**What you need to do**: Output the full listing exactly as written, with no pictures in it.

**Information provided**:

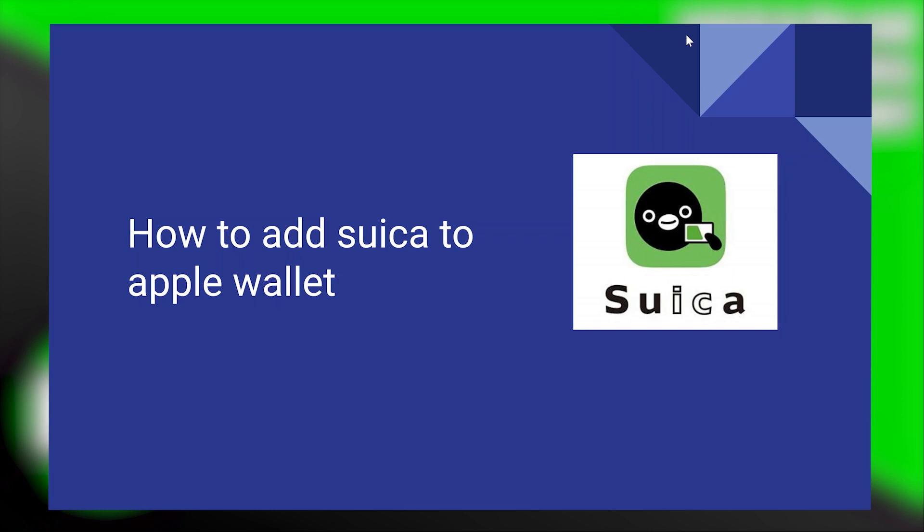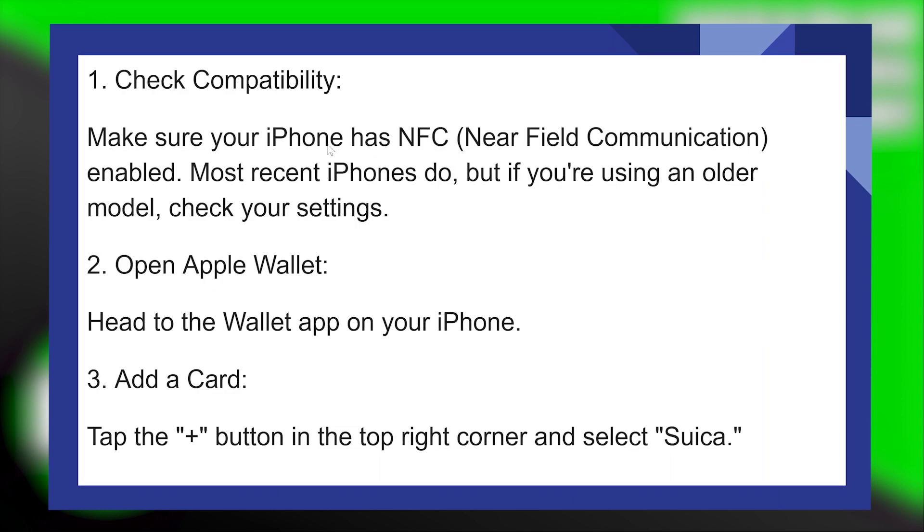Adding a Suica to Apple Wallet is very easy to do. Today I'm gonna show you how to do it. Make sure your Apple Watch has WatchOS 5.2 or later and is paired with an iPhone that has Face ID or Touch ID enabled. You will also need your Suica card and your iPhone close by.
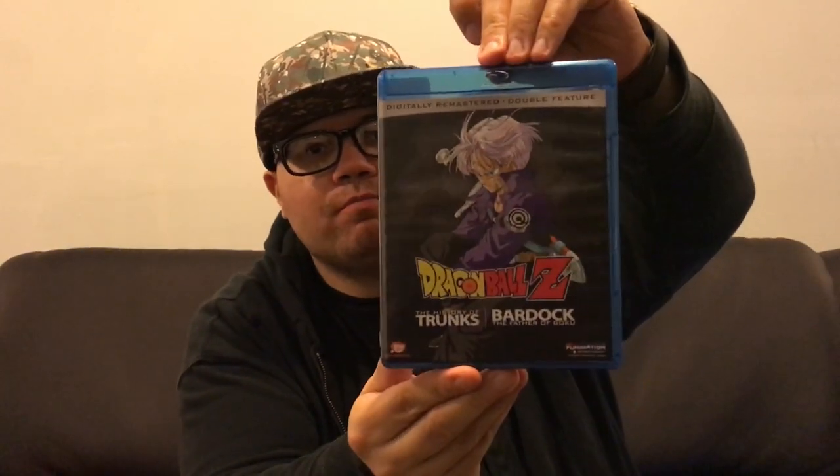And then the front artwork — beautiful artwork. I like it. I hope you like it. That's it for today, guys. Hope you enjoyed the unboxing. It's me, your guy, T-Belly, and I'm signing off. Cheers.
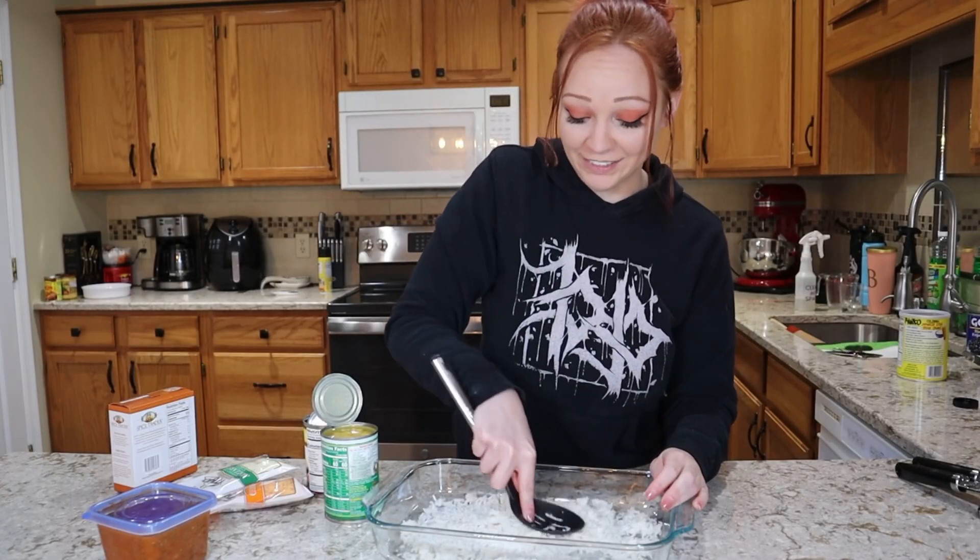While the fries are in the oven, I'm preparing the cheese sauce. I'm adding a packet of Velveeta into a bowl and mixing in my can of Rotel — I didn't drain it this time. I'm also adding a second packet of Velveeta for extra cheesiness and thickness. The liquid from the Rotel adds volume and a lot of flavor.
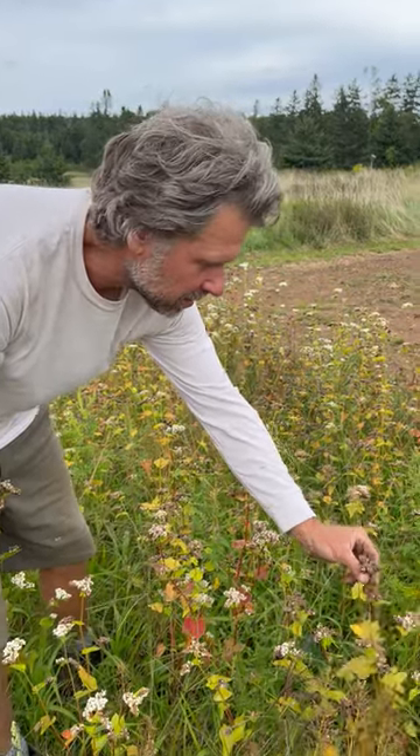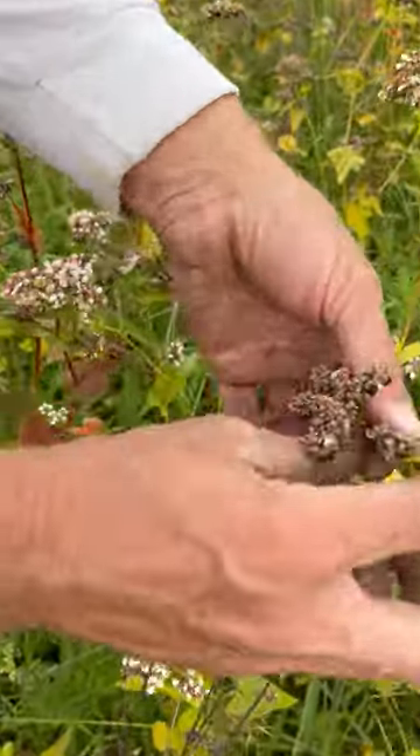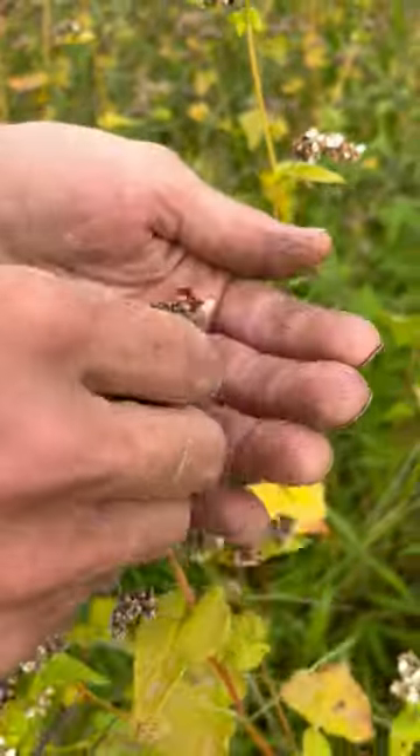I'm going to show you what common buckwheat looks like when it has actually produced the seed. These are fairly well pollinated. This was one of the earlier stands, even through the wet weather, and it still did fairly well.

**Solution to this exercise**:
Adding a Suica to Apple Wallet is very easy to do. Today I'm gonna show you how to do it. Make sure your Apple Watch has WatchOS 5.2 or later and is paired with an iPhone that has Face ID or Touch ID enabled. You will also need your Suica card and your iPhone close by.
And then the front artwork — beautiful artwork. I like it. I hope you like it. That's it for today, guys. Hope you enjoyed the unboxing. It's me, your guy, T-Belly, and I'm signing off. Cheers.
While the fries are in the oven, I'm preparing the cheese sauce. I'm adding a packet of Velveeta into a bowl and mixing in my can of Rotel — I didn't drain it this time. I'm also adding a second packet of Velveeta for extra cheesiness and thickness. The liquid from the Rotel adds volume and a lot of flavor.
I'm going to show you what common buckwheat looks like when it has actually produced the seed. These are fairly well pollinated. This was one of the earlier stands, even through the wet weather, and it still did fairly well.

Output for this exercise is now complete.